How to create a Spark dataframe with timestamp?

Question

How can I create this Spark dataframe with timestamp data type in one step using python? Here is how I do it in two steps. Using spark 3.1.2

from pyspark.sql.functions import *
from pyspark.sql.types import *

schema_sdf = StructType([ 
    StructField("ts", TimestampType(), True),
    StructField("myColumn", LongType(), True),
    ])

sdf = spark.createDataFrame( ( [ ( to_timestamp(lit("2022-06-29 12:01:19.000")), 0 ) ] ), schema=schema_sdf )

Answer 1

PySpark does not automatically interpret timestamp values from strings.

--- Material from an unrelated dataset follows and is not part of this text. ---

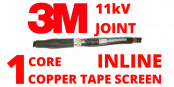 11kV Single Core Copper Tape Screen Inline Cold Shrink Cable Joints – 3M QS200 92-AK6xx-1/C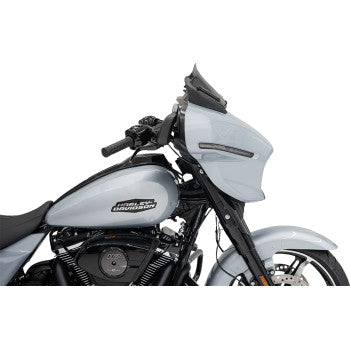 KLOCK WERKS Flare™ Windshield - 8" - Black - FLHX KWW-01-0707-B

I mostly use the following syntax to create the df and then to cast column type to timestamp:

from pyspark.sql import functions as F

sdf = spark.createDataFrame([("2022-06-29 12:01:19.000", 0 )], ["ts", "myColumn"])
sdf = sdf.withColumn("ts", F.col("ts").cast("timestamp"))

sdf.printSchema()
# root
#  |-- ts: timestamp (nullable = true)
#  |-- myColumn: long (nullable = true)

Long format was automatically inferred, but for timestamp we needed a cast .

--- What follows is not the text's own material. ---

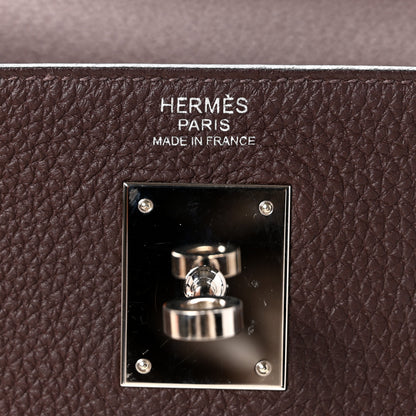 Hermes Togo Kelly Retourne 32 Chocolate 6 of 14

On the other hand, even without casting, you are able to use functions which need timestamp as input:

sdf = spark.createDataFrame([("2022-06-29 12:01:19.000", 0 )], ["ts", "myColumn"])
sdf.printSchema()
# root
#  |-- ts: string (nullable = true)
#  |-- myColumn: long (nullable = true)

sdf.selectExpr("extract(year from ts)").show()
# +---------------------+
# |extract(year FROM ts)|
# +---------------------+
# |                 2022|
# +---------------------+